How had this happened? How could this be? Had Tim done something wrong? He ran what had happened through in his mind, searching for answers in his slow dinosaur brain, but of course, none were forthcoming. And, Tim realized suddenly, it didn’t matter.
In a sense, nothing had changed. He still knew what he had to do. He was the Defender of the Earth. His task was to face up to the threat as best he could, no matter what the cost. He was still aching, still hurting all over, still smarting from his defeat and how close he’d come to being utterly destroyed. But there was no choice. He had to try. He had to face Mallahide again – and now, he realized, before his enemy had the chance to recover either.
All right, Tim thought. What else? Had he learned any lessons from the first time he and Mallahide had fought? Perhaps he had exposed some hidden weakness of Mallahide’s, something he could exploit. Dutifully, already knowing what he would find, Tim played the fight through in his mind again, every last humiliating instant of it. Nothing. In fact, all he could find were the opposite of weaknesses: everything that Tim had tried, from the biting to the wrestling to the throwing things to . . . well, all right, actually that was all Tim had tried, all he knew how to try. The point was, it had all failed.
Mallahide was stronger and faster than Tim; he never got tired, he never got hurt – there was nothing for Tim to get hold of. How could he, Tim, possibly defeat an opponent that couldn’t be bitten or hit? It simply didn’t seem possible. But he had to do it. It had to be done. He had to find a way. Without him, the world would be destroyed. He was the Defender of the Earth, and he—
Alone in the dark, Tim froze. The surrounding deep-sea chill met a cold seeping feeling inside himself that penetrated his leathery skin and ran all over his dinosaur body in a way that Mallahide’s nanobots had only just failed to do. Tim stopped kidding himself and looked at the clear facts of the case. They were these:
Tim couldn’t defeat Mallahide. Tim was going to lose. He was going to fail, and die, and soon after the world would die with him.
Slowly at first, but with gathering speed, he started to swim.
ENDGAME
‘NO,’ SAID CHRIS again. ‘Absolutely not. No way.’
‘Chris!’ Ms Plimpton shouted at him – then sighed. ‘Let me explain this to you again.’ She spoke quietly now, but her words were filled with no less urgency. ‘You are the channel for the Defender’s power. You are His link to the life force of the world. Everything depends on you. Understand?’
‘Yes,’ said Chris, ‘so you keep saying, but why—?’

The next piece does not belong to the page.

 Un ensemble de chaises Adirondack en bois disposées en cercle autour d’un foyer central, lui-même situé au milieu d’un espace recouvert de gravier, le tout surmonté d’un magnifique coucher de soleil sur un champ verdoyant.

‘For the duration of this ritual,’ hissed Ms Plimpton, cutting him off, ‘you are humankind’s link to every other living thing on this planet. Two-thirds of the world is covered by water, hence the pool – but tell me, Chris,’ she said, poking him in the chest for emphasis, ‘do any other creatures you know of on this earth wear jeans, or T-shirts, or trainers? Does any animal, apart from human beings, wear clothes of any kind?’

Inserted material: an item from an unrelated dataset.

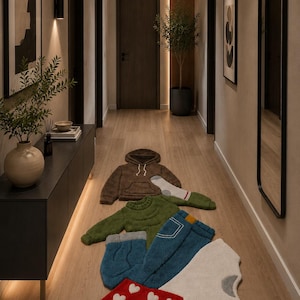 Può includere: Un corridoio con una selezione di originali tappeti a forma di capi d'abbigliamento. Tra questi, una felpa con cappuccio marrone, un maglione verde, jeans blu e pantaloncini rossi con cuori bianchi, su un pavimento in legno.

‘Well, no,’ said Chris, ‘but I don’t see why—’
‘Our clothes may make us feel and look different from other animals,’ said Ms Plimpton, ‘but they don’t make us different on the inside. We’re all animals,’ she added. ‘Every single one of us!’

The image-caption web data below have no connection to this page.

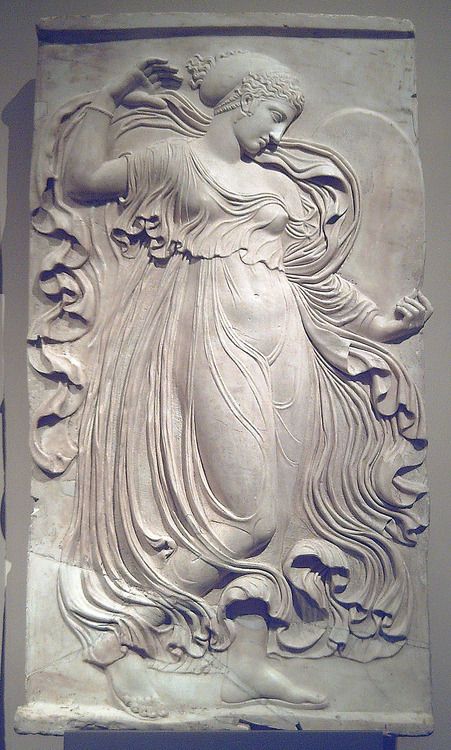 an intricately carved relief depicting a woman with flowing hair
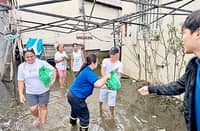 AN SM Foundation volunteer wades through floodwaters to deliver a Kalinga Pack to a family whose community remains submerged weeks after the habagat floods.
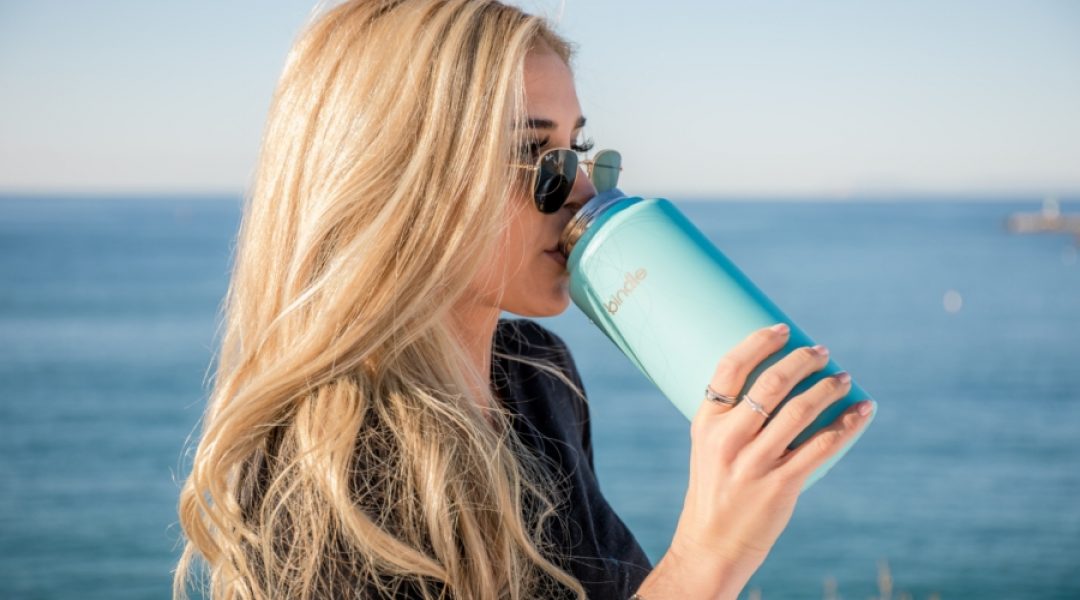 Woman drinking water with glutamine powder dissolved in it.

‘I guess,’ said Chris, ‘but—’
‘No buts, Chris!’ said Ms Plimpton. ‘Don’t you understand what’s going on here? Mallahide is a threat to every living, breathing creature on this Earth! Anything that makes you feel closer to other animals has got to be a good thing. So,’ she finished, drawing herself up, ‘you’re doing this naked, and that’s final.’
‘Look, at least let me wear some boxer shorts!’ said Chris, desperate now. ‘In fact, if I can’t wear my boxers, I’m leaving right now. The whole world can come to an end if it likes, but there’s no way I’m doing this in . . . in the buff!’ He crossed his arms. ‘No way in hell.’
Ms Plimpton gave him a long look.
‘All right,’ she said. ‘But you’ll have to wear extra body paint. Now, where is the make-up guy? CAREFUL WITH THAT WATER TANK!’ she yelled suddenly, catching sight of one of the studio technicians over Chris’s shoulder.
So that was how it happened. Before Chris really knew what was going on, he was sitting hip deep in a small pool of water, clad only in his boxer shorts.
‘Action!’ said someone.
And now Chris was on TV.
He couldn’t see his audience, of course. All Chris could see were cameras, and even they were indistinct and shadowy behind the dazzling brightness of the hastily erected studio spotlights. But from the trembling in his stomach, the raw sick taste of his embarrassment that backed up in his throat until he felt like gagging, he knew that made no difference. He could kid himself they weren’t there, sure, but he knew the truth: right now the whole country, perhaps even the world – was staring at him, in a tank of water, on TV, clad in nothing but his boxer shorts and the bracelet on his wrist.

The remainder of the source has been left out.